Architecture
Le collaborateur qui oublie chaque matin
L’IA juridique d’aujourd’hui réimpressionne à chaque interaction. Un junior brillant qui oublie chaque nuit ce qu’il a appris n’est pas précieux. Il est épuisant.
Il y a, dans la manière dont l’IA juridique se présente aujourd’hui, une obsession de la démonstration. Chaque interaction est traitée comme une nouvelle occasion d’impressionner : une nouvelle question, une nouvelle réponse, un nouvel exploit linguistique. Le modèle redémarre à zéro, mobilise toutes ses capacités, produit quelque chose de plausiblement remarquable, puis oublie. À la question suivante, il recommencera, vierge, comme si rien n’avait précédé.
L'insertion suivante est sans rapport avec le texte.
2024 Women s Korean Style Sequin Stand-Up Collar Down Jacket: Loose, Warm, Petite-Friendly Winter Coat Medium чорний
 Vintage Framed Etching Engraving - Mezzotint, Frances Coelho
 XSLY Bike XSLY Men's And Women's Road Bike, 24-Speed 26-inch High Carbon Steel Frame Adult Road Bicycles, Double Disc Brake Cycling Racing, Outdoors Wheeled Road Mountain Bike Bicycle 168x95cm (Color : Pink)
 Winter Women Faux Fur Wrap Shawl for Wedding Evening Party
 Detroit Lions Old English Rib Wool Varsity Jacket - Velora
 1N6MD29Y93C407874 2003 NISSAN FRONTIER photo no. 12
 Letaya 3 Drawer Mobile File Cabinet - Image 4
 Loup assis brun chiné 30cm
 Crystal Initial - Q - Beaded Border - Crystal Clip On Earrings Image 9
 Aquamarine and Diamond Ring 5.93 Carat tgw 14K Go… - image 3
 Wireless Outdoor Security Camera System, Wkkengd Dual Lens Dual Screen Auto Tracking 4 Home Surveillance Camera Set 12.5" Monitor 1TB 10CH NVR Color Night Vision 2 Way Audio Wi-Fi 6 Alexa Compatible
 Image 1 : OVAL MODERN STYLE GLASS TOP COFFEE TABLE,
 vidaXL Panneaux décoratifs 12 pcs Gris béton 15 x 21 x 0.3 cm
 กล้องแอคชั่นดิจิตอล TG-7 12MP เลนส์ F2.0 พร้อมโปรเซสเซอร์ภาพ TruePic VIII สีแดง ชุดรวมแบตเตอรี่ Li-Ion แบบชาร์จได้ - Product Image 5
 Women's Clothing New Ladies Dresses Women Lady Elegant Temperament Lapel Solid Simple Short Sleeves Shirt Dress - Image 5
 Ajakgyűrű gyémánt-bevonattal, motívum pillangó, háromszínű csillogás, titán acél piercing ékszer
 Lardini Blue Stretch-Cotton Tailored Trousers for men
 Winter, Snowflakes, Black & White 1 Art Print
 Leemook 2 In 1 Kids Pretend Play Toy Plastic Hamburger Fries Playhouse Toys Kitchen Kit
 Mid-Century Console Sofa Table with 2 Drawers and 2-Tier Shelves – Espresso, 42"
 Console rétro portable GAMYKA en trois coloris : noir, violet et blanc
Ce mode est excellent pour une démonstration, où chaque échange est isolé et où l’effet recherché est l’éblouissement ponctuel. Il est mauvais pour le travail juridique réel, qui n’est pas une succession d’échanges isolés mais une continuité, un même dossier repris jour après jour par les mêmes personnes. Ce qui fait une bonne démonstration et ce qui fait un bon outil de travail ne sont pas seulement différents : sur ce point précis, ils sont opposés.
Ce qui impressionne en démo, c’est que le modèle reparte de zéro. Ce qui épuise à l’usage, c’est exactement la même chose.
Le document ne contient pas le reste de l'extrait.